[Short descriptive text snippets]
┄┄┄┄┄┄┄┄┄┄

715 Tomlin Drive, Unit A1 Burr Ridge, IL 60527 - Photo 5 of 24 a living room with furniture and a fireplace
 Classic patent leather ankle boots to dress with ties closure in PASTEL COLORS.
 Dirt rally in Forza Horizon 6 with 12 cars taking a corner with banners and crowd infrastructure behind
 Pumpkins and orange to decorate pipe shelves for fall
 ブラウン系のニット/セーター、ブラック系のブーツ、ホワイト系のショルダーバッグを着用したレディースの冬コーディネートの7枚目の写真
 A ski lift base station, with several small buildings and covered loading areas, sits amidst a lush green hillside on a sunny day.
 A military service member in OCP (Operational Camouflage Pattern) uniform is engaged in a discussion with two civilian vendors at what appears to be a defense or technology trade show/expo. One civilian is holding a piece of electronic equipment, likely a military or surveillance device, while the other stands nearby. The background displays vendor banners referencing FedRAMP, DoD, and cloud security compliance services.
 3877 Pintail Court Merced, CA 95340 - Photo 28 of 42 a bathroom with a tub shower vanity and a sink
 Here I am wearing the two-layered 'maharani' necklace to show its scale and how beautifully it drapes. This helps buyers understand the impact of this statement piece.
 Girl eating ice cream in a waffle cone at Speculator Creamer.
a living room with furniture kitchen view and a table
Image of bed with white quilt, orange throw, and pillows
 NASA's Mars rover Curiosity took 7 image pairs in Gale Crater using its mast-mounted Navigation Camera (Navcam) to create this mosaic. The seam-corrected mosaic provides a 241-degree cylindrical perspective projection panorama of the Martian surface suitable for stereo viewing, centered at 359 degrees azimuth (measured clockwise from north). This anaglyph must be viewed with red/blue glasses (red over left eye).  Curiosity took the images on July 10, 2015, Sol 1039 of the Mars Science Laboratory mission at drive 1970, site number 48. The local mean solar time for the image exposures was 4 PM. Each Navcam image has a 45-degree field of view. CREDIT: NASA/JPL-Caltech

┄┄┄┄┄┄┄┄┄┄

_Exercise instructions_: All lines above from the one with "A military service" to the one with "Image of bed", inclusive, should be copied exactly, and no other lines.

_Answer space_:
 A military service member in OCP (Operational Camouflage Pattern) uniform is engaged in a discussion with two civilian vendors at what appears to be a defense or technology trade show/expo. One civilian is holding a piece of electronic equipment, likely a military or surveillance device, while the other stands nearby. The background displays vendor banners referencing FedRAMP, DoD, and cloud security compliance services.
 3877 Pintail Court Merced, CA 95340 - Photo 28 of 42 a bathroom with a tub shower vanity and a sink
 Here I am wearing the two-layered 'maharani' necklace to show its scale and how beautifully it drapes. This helps buyers understand the impact of this statement piece.
 Girl eating ice cream in a waffle cone at Speculator Creamer.
a living room with furniture kitchen view and a table
Image of bed with white quilt, orange throw, and pillows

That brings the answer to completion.